Is there any additional compensation required beyond the initial agreement for executing and delivering additional documentation requested by Cool Binz?
Cool_Binz Franchise · 2025 FDDAnswer from 2025 FDD Document
Before attending the Initial Training and/or upon any change to the legal entity ownership, you must submit to us a corporate resolution, or similar action, which states the name of the corporation or LLC, the legal names of all of the partners or shareholders, the percentage of ownership that each member controls, their place of residence and their agreement to be bound by the terms of the Franchise Agreement. In the case of multiple owners, you must submit a dispute resolution procedure acceptable to us in our sole discretion that states what you will do in the event that there is a conflict between any owners of the franchisee entity. In addition, at all times, the owners who have executed the Franchise Agreement must control 67% of the franchisee entity. The remaining owners must sign a written confidentiality and non-compete agreement in the form we prescribe.

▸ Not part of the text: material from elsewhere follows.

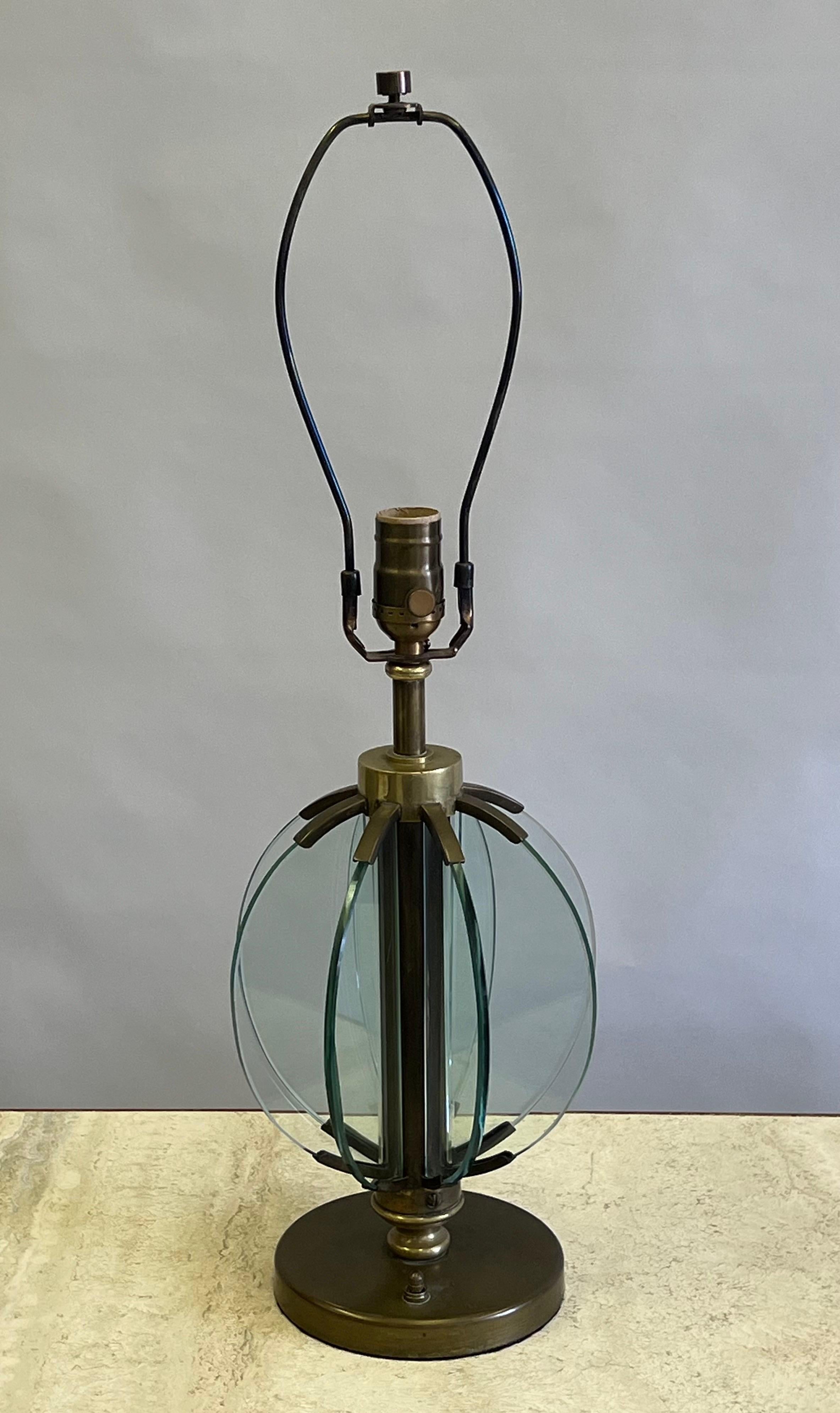 Rare Pair of Italian Glass & Brass' Table Lamps by Pietro Chiesa & Fontana Arte For Sale 2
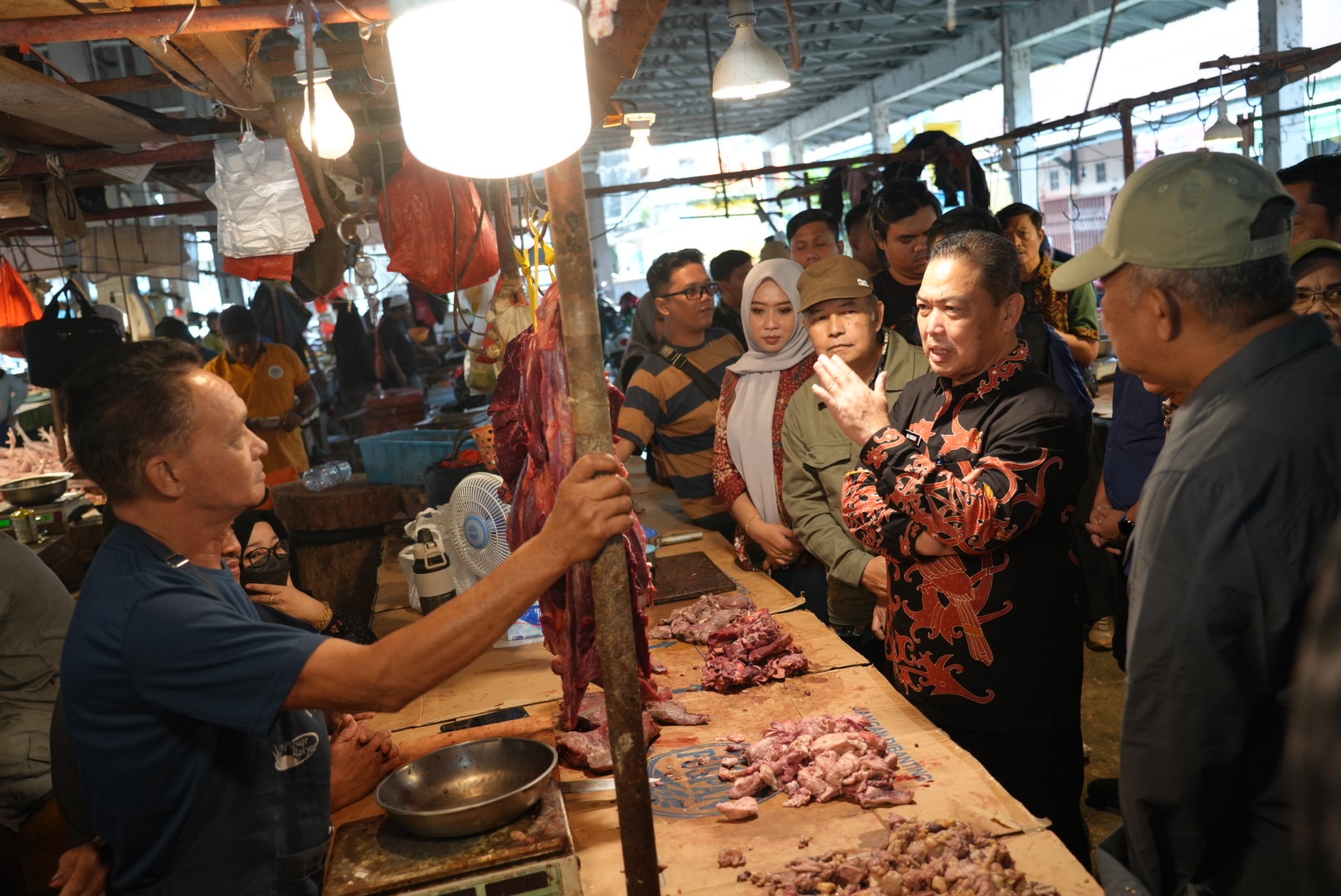 BERDIALOG: Gubernur Kalimantan Barat Ria Norsan saat berdialog dengan pedagang di Pasar Masuka terkait bapok dan harga jelang Natal dan Tahun Baru.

At the start of their employment, you must require, as consideration for employment, each of your Managing Owner, Designated Managers, sales and/or account management employees to sign non-disclosure and confidentiality agreements that we have specified or approved. Such agreements will prohibit disclosure, by the employee to any other person or legal entity, of any trade secrets, customer lists, or other information, knowledge, or know-how regarding the System or the operation of the COOL BINZ Business, which is deemed confidential and/or proprietary by us. Such employee non-disclosure and confidentiality agreements will, to the fullest extent permitted by applicable law, prevent employees from servicing or soliciting any of the customers of your Business, except in their capacities as employees of the COOL BINZ Business. We may require you to send us a copy of such agreements once fully signed.
Source: Item 23 — RECEIPTS (FDD pages 63–238)
What This Means (2025 FDD)
According to Cool Binz's 2025 Franchise Disclosure Document, franchisees are required to submit certain documents, such as a corporate resolution or similar action, before attending initial training or upon any change to the legal entity ownership. This document must state the name of the corporation or LLC, the legal names of all partners or shareholders, the percentage of ownership each member controls, their place of residence, and their agreement to be bound by the terms of the Franchise Agreement. In cases with multiple owners, a dispute resolution procedure acceptable to Cool Binz must also be submitted, outlining how conflicts between owners will be resolved. The owners who executed the Franchise Agreement must control 67% of the franchisee entity, and the remaining owners must sign a written confidentiality and non-compete agreement in the form prescribed by Cool Binz.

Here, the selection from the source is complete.